Which leaves the solo keyboard track "The Quest", a meditative and spacious tune that stretches out for almost seven minutes. It's not the longest piece on the record but it is just solo keyboard. Fela's influence might be here again, and perhaps also Sun Ra's.

It's a shame that despite the strengths of the compositions, the sound of the band isn't as good as it could be. The drums all sound great but the electric instruments just don't sound like they're very good quality. A re-recording or re-interpretation of this music could be really great.

But this is the original and it is quite good!


2017 August 09 • Wednesday

A new addition to the Gutbrain Records Casual Collection of Mostly Mid-Century Ephemera is a few issues of Hot Rod magazine from the 1950s.

Here's the first one.

It's a nice cover and of course my eye was drawn by the postage stamp.

This issue is notable because it has an article about a woman in the very male hot rod scene.

The hot rod scene itself is something I don't know much about. It appears to be made up of people building their own cars or modding cars that are ten, twenty or thirty years old.

Hot rods and hot rodders come up often enough in music, movies and books from the period, but it's taken for granted that the audience knows what it needs to know about it. I'd like to know more.


2017 August 07 • Monday

The 477th Soundtrack of the Week is this brilliant re-recording of several Jerry Goldsmith compositions for the television series Thriller.

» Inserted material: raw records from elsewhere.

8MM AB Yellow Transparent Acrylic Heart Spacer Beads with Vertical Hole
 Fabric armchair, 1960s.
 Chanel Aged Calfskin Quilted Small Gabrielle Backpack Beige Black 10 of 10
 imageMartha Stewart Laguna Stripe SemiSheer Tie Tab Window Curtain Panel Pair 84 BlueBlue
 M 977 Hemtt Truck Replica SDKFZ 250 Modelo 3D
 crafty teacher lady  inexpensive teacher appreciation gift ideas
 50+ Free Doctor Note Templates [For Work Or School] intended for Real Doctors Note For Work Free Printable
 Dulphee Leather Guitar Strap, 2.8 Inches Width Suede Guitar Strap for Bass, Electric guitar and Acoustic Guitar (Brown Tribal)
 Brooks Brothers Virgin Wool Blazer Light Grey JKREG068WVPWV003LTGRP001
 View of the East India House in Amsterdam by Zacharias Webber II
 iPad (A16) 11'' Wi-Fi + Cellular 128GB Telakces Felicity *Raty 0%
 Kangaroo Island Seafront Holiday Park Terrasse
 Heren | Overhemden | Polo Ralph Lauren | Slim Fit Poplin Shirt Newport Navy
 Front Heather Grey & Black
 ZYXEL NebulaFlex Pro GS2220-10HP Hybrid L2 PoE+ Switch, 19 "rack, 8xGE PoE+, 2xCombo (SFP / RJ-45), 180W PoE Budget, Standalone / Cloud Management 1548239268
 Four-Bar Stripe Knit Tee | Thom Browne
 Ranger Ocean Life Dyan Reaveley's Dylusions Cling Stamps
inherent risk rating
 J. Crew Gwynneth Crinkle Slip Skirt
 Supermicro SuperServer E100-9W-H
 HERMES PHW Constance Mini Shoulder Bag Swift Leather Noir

Re-recordings of film music from conductor Nic Raine, the City of Prague Philharmonic Orchestra and the Tadlow label are always intensely rewarding. With this program of relatively obscure early Goldsmith, they've done something really special.

While a complete and chronological collection of every piece of music, ideally from the original recording sessions, would still be very desirable, this CD of three tracks each for six different episodes (each including a suite of cues) is exhilarating, brilliantly produced and a very listenable album.

"The Grim Reaper" has some of the modernistic small-ensemble ideas that Goldsmith loved so much back in those days, as well as some Herrmannesque lyricism and use of space. There are some intriguing uses of instruments such as accordion and exceptionally strong violin playing.

"Hay-Fork and Bill Hook" allow for some pastoral themes and lovely melodies that are alternated or layered with stings and other suggestions of menace and suspense. Fiddle traditions as well as traditional European music seem to have been inspirations and the flute does a lot of work as a primary voice.

After that we go into the "Well of Doom". It opens with dark, low and loud instruments surging out of the speakers toward the listener. There's also some lovely ethereal harp and vibes playing but the looming and bellowing voices of the lower register brass instruments are never far away.

For "Mr. George" Goldsmith came up with a theme that has a childlike innocence to it. It sounds like it might be played on the glockenspiel and has a soothing beauty to it. This lovely theme is heard quite a bit but inevitably things take a disturbing turn...

The harpsichord gets a workout in "The Poisoner" as does the string section. Sometimes it sounds like the strings are blended with an electronic instrument as well. This is one of the most relentless dramatic of the scores here, very strong and solid.

The last episode featured is "Yours Truly, Jack the Ripper", which has a Weill-like theme in 3/4 and some spacious and extended playing from effective combinations of just a few instruments at a time. Percussion is used especially well here.

Finally there's a medley of all six of the "End Titles" from these episodes.

This is really a fantastic recording! We can only hope there are more like this to come!